Today? Boxing is a fragmented sideshow, a carcass picked over by promoters. It’s a dizzying “alphabet soup” of belts where the best rarely fight the best, and the title has been diluted into a pay-per-view gimmick for social media influencers. Fans didn’t abandon boxing overnight; boxing liquidated its credibility for a quick buck, and the fans simply stopped showing up to the bankruptcy hearings.
Sound familiar?
The Illusion of Permanence
Right now, the Kentucky Derby still rules. It is the “Run for the Roses,” the race that transcends the Daily Racing Form and briefly pulls the casual fan into our world. It calls itself “the most exciting two minutes in sports,” and for many, it still is. But history is littered with “untouchable” institutions that mistook their heritage for a shield.

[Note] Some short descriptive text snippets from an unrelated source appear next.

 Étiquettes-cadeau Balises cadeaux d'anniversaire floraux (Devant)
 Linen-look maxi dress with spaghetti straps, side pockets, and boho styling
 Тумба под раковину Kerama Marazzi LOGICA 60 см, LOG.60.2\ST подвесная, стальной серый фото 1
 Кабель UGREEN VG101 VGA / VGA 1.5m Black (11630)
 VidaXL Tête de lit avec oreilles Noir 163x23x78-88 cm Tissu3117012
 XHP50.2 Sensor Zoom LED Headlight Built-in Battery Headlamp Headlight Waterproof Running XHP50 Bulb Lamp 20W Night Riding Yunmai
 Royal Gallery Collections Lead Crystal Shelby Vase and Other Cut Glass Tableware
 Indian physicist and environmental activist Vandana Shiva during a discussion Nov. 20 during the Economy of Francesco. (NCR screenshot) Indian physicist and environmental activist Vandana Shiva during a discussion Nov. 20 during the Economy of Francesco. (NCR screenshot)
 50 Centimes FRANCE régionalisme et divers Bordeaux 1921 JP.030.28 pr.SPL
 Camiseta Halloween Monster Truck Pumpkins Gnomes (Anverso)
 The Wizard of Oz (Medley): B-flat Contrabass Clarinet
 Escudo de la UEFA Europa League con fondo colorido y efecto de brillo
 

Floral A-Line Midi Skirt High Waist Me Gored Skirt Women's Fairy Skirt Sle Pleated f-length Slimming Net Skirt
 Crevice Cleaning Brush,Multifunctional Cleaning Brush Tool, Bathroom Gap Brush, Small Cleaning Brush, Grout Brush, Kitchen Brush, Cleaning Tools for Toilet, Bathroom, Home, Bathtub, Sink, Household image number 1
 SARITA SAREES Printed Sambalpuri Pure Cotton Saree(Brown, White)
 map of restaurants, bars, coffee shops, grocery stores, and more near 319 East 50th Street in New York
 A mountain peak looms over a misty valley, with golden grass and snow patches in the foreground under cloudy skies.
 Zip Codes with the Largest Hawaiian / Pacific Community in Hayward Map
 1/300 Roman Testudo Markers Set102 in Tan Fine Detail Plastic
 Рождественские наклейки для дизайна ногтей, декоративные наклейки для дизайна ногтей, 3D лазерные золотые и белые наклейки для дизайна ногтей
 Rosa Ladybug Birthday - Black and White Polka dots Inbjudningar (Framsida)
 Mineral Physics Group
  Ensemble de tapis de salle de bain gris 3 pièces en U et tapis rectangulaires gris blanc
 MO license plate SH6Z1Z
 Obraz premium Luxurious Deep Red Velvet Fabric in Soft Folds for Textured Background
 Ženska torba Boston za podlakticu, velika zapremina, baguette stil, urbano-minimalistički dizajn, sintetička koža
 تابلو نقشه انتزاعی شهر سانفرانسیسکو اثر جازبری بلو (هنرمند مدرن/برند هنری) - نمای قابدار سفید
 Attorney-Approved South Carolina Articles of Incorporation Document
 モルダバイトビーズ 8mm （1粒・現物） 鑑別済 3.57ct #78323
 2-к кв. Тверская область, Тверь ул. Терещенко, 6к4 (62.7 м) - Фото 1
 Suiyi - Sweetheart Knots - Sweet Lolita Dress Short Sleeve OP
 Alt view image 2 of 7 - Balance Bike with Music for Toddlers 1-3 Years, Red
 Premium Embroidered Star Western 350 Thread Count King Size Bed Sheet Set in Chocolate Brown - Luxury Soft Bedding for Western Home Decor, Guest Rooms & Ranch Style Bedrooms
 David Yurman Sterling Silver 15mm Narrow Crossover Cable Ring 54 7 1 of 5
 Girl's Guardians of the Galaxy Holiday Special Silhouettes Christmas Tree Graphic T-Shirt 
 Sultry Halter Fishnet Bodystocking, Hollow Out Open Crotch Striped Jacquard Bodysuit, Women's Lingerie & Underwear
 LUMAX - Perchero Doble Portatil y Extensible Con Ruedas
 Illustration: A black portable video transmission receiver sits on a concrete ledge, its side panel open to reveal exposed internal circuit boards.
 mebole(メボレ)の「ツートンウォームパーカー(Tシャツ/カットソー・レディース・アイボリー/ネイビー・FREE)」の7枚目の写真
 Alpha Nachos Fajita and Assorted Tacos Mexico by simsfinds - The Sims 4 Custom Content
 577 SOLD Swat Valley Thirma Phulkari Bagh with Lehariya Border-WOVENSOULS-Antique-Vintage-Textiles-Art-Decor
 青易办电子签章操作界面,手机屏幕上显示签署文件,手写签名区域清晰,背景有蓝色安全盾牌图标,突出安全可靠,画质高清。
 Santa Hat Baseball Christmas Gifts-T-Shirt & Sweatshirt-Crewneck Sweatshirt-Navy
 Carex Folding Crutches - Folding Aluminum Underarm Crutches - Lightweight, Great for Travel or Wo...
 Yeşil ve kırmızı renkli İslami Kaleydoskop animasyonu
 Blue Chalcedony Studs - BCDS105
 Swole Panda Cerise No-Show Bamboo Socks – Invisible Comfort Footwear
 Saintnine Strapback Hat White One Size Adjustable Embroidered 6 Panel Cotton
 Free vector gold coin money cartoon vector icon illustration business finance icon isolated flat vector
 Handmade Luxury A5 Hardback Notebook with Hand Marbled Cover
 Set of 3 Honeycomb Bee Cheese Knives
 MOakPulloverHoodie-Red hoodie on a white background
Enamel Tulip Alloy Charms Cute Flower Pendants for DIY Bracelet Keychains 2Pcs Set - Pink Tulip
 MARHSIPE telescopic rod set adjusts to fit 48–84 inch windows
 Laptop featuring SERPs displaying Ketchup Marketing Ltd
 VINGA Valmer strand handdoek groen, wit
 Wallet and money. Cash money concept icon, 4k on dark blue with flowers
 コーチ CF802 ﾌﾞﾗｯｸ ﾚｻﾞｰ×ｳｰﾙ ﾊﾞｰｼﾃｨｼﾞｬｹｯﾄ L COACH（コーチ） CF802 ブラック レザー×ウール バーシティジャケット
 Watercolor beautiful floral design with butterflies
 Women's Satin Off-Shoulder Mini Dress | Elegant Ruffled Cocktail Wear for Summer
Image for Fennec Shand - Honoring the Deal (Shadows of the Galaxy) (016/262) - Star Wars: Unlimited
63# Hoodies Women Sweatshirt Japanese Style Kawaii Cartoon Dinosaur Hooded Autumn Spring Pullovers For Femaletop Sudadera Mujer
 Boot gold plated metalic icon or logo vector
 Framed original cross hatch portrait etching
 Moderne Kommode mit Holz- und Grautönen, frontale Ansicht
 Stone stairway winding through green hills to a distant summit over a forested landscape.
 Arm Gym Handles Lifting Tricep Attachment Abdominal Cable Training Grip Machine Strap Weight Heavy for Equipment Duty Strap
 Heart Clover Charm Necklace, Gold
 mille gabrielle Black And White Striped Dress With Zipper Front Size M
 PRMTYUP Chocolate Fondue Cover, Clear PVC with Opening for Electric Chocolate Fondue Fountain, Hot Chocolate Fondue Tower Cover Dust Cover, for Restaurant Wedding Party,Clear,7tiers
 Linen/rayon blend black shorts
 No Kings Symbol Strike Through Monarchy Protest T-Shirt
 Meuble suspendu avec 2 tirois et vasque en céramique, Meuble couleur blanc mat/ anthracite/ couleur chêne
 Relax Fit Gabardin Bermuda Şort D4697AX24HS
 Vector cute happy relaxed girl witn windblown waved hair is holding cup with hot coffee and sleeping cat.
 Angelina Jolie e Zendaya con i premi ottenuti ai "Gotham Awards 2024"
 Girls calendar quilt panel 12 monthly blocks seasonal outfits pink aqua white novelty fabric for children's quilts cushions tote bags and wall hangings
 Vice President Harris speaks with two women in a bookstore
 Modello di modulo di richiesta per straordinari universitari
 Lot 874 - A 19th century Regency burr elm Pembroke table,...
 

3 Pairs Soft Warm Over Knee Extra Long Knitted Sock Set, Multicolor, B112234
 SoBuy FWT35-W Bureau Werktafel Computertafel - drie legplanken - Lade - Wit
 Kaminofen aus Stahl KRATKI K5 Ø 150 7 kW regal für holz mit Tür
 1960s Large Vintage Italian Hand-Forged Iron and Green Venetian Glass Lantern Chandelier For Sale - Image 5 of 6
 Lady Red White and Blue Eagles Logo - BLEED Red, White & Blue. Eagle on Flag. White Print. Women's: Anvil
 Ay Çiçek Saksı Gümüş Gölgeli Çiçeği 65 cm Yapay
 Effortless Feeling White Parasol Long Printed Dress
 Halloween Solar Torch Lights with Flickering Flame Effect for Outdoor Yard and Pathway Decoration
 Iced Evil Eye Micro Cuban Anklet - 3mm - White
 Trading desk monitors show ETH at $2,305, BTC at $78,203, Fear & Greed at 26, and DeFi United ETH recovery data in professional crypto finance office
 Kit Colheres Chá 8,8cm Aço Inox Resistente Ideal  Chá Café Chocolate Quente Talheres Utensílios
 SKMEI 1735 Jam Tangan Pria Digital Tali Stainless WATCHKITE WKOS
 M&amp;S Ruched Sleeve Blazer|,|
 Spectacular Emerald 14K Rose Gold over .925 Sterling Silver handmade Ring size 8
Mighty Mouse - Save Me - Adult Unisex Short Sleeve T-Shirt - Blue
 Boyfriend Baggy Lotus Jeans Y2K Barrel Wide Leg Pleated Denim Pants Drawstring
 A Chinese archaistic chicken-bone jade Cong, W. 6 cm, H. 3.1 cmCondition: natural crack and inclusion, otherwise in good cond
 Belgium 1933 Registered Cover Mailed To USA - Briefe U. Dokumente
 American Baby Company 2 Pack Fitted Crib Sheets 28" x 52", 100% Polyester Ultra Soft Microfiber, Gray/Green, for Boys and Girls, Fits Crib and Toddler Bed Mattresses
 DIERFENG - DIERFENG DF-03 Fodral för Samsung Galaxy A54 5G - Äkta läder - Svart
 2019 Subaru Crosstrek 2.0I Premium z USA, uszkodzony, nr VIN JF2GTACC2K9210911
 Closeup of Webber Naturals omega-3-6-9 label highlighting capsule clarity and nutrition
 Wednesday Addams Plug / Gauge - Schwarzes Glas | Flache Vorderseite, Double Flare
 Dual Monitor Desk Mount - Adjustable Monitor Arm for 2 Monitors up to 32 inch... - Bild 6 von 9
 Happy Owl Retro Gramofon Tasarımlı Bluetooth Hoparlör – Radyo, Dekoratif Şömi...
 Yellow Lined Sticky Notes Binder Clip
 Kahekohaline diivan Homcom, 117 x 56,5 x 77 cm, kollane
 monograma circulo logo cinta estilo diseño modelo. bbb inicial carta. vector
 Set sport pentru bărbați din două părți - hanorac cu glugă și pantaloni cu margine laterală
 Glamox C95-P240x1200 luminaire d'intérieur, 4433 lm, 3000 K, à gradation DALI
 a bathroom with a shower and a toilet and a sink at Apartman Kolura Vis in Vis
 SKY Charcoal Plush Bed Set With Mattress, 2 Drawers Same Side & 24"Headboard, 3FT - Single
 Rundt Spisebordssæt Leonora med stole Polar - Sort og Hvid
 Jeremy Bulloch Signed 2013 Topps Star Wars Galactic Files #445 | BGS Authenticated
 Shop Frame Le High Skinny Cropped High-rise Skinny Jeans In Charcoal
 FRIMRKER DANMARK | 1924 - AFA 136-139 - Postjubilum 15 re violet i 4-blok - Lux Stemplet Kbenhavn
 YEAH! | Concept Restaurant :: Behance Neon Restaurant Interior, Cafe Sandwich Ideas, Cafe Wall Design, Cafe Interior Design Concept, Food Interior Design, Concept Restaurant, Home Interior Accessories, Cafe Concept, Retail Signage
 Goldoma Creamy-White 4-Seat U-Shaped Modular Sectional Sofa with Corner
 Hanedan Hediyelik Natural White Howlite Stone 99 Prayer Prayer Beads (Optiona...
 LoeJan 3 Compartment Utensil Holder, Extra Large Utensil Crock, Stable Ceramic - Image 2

The Indianapolis 500 once billed itself as “The Greatest Spectacle in Racing.” That wasn’t marketing fluff—it was a reality. In the 1960s and 70s, IndyCar drivers were household names on par with NFL quarterbacks. Today, the race barely registers with the broader sports public, overshadowed by NASCAR and completely dwarfed on the global stage by Formula 1. It didn’t disappear. It just slipped. Slowly. Quietly. Until one day, it no longer moved the needle of the American sporting consciousness.
The Erosion of Trust
So what happened? The same thing that always happens. When a sport loses competitive integrity, clarity, and trust, the fans eventually walk away. Horse racing is flirting with that line right now.
The sport is currently plagued by a “death by a thousand cuts” reality:
- CAWs (Computer Assisted Wagering): High-volume bettors using algorithms to “crush” the pools at the final second, leaving the average fan with decimated odds and the feeling that the game is rigged against them.
- The HISA Paradox: The Horseracing Integrity and Safety Authority was supposed to be the cavalry—the federal intervention to clean up the “wild west.” Instead, it has stumbled out of the gate, mired in litigation and inconsistent enforcement that undermines confidence before it can stabilize.
- Inconsistent Officiating: Steward rulings that feel arbitrary at best and indefensible at worst. When a Derby winner like Medina Spirit is disqualified months after the fact, the “Most Exciting Two Minutes” starts to feel like a legal deposition.
The Extraction Economy
Then there is Churchill Downs—an organization that increasingly feels like it only cares about its two big days, its shareholders, and maximizing revenue at all costs. From a corporate perspective, you can argue that’s rational. From the perspective of a sport that depends on fans and long-term trust, it’s reckless.
We are watching the geographic footprint of the sport shrink in real-time. Look at Arlington Park—once the crown jewel of Illinois racing, now a shuttered lot sacrificed for a stadium deal. Look at the closures of Hollywood Park or Calder. When you close a track, you don’t just lose a building; you lose the next generation of fans.
The message from the top is becoming: show up, pay up, and don’t ask questions. Whether it’s normalized price gouging or the forced use of branded past performances on-track that strip bettors of choice, the focus has shifted from cultivation to extraction.
The Warning
Nobody sitting by a radio listening to Dempsey or Louis ever imagined heavyweight boxing would become what it is today. Nobody watching Ali, Frazier, or Tyson thought the championship would one day lose its central meaning. And yet, here we are.
That’s the danger of believing “it can’t happen here.”
The Kentucky Derby is powerful. The Derby is iconic. The Derby is still king of United States racing. But permanence is an illusion in sports. If integrity erodes, if fans feel exploited instead of valued, and if the experience becomes about extraction rather than passion, then even giants can fall. It doesn’t happen with a single headline. It happens gradually, until one day the cultural grip is gone.
I hope we never hear the words, “Down goes the Derby.” But hope isn’t a strategy. Integrity is.